§ **Directions**
Reproduce exactly the lines from the one containing "Toph, the First" through the end of the listing, minus the pictures.

Records for the task Start Marker

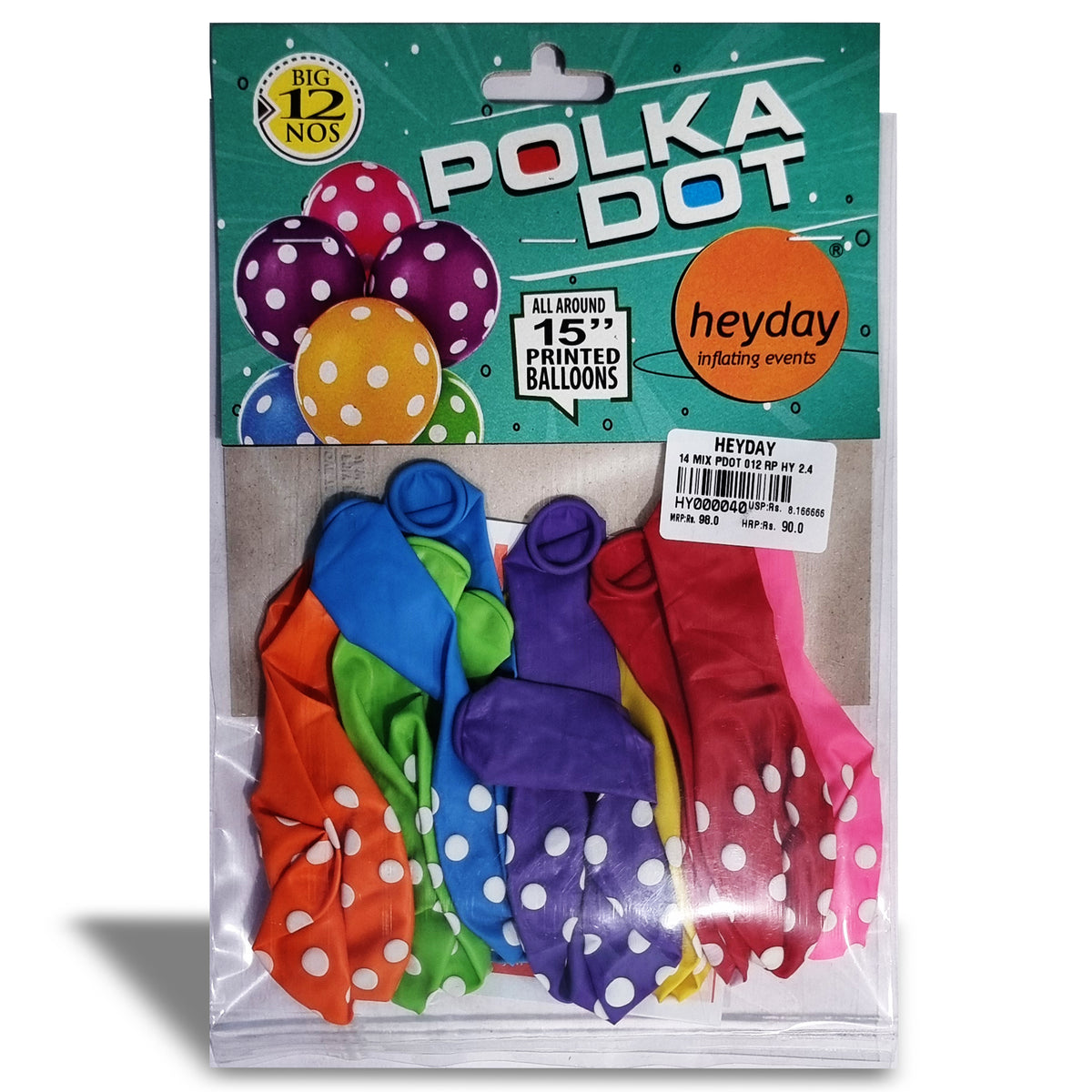 Polka Dot Theme Balloons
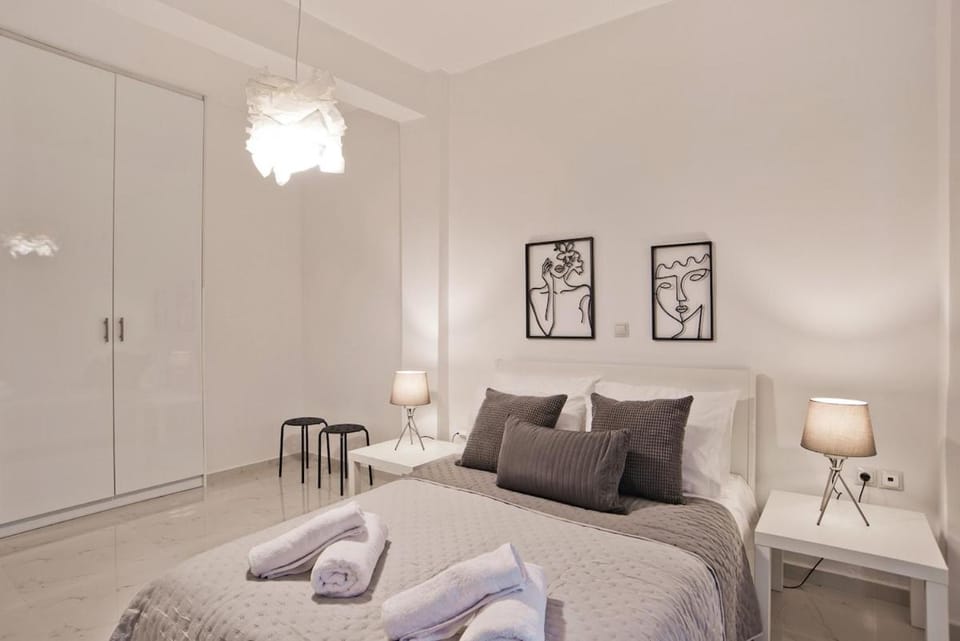 Bed, Bedroom, wardrobe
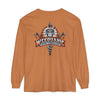 Weequahic Sports Medicine Long Sleeve T-Shirt - Whimsical Wolf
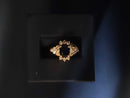 Women's Ring - Yellow Gold 14k (.585) 3.7 grams Size 9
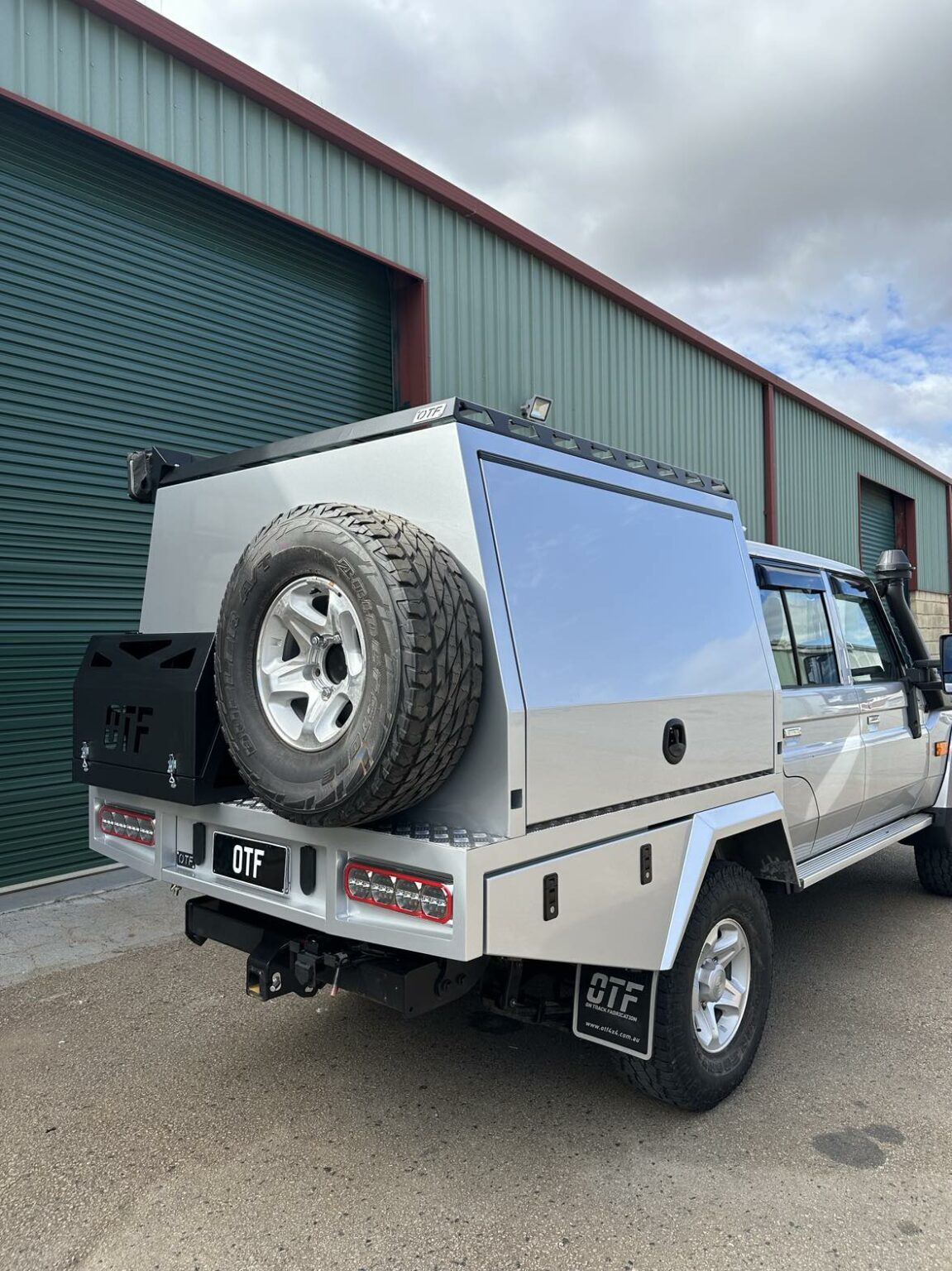 Chassis Mounted Canopies – On Track Fabrication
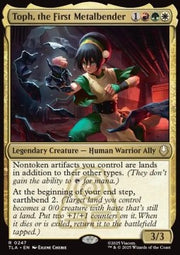 Toph, the First Metalbender - Magic: The Gathering | Avatar: The Last Airbender (Rare) [TLA-247]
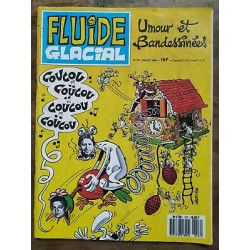 Fluide Glacial Nº 157 Juillet 1989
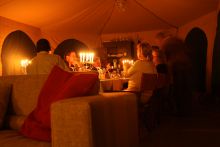 Lemala Ndutu - Tented Dinning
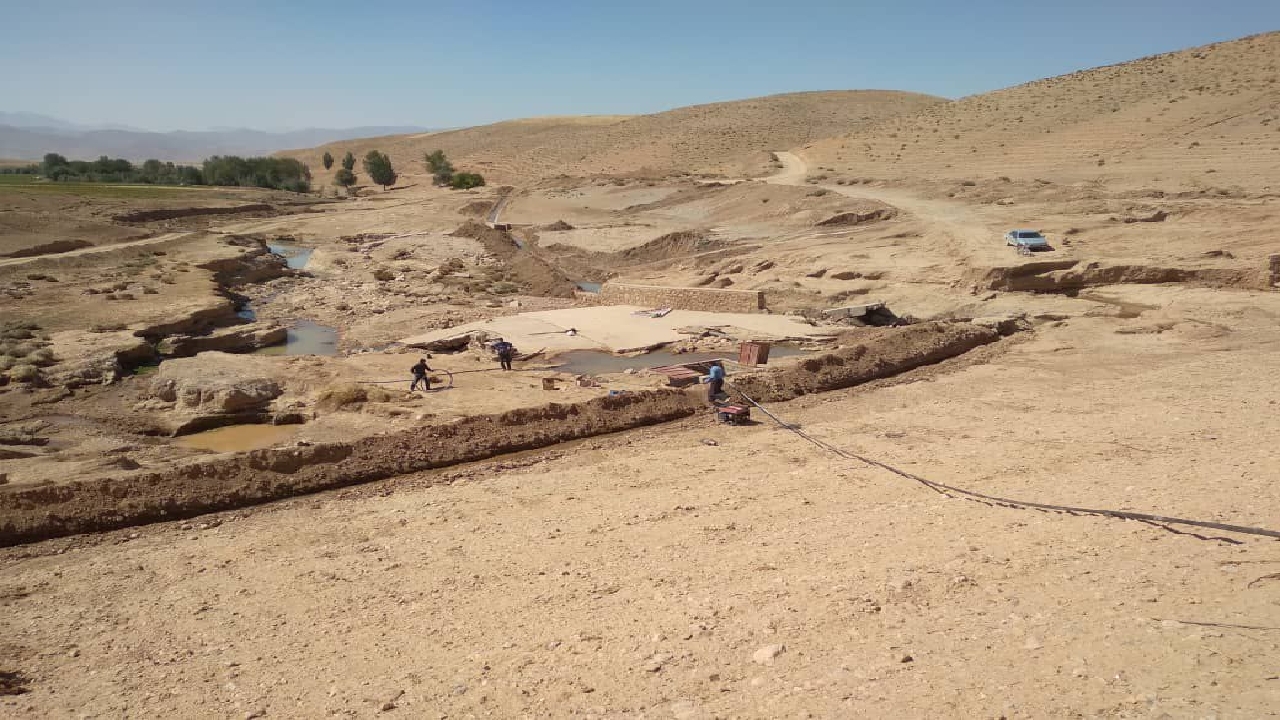 مشارکت یک میلیارد ریالی شرکت گاز کربنیک بن در روستای بارده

Records for the task End Marker

§ **Answer area**
 Toph, the First Metalbender - Magic: The Gathering | Avatar: The Last Airbender (Rare) [TLA-247]
 Fluide Glacial Nº 157 Juillet 1989
 Lemala Ndutu - Tented Dinning
 مشارکت یک میلیارد ریالی شرکت گاز کربنیک بن در روستای بارده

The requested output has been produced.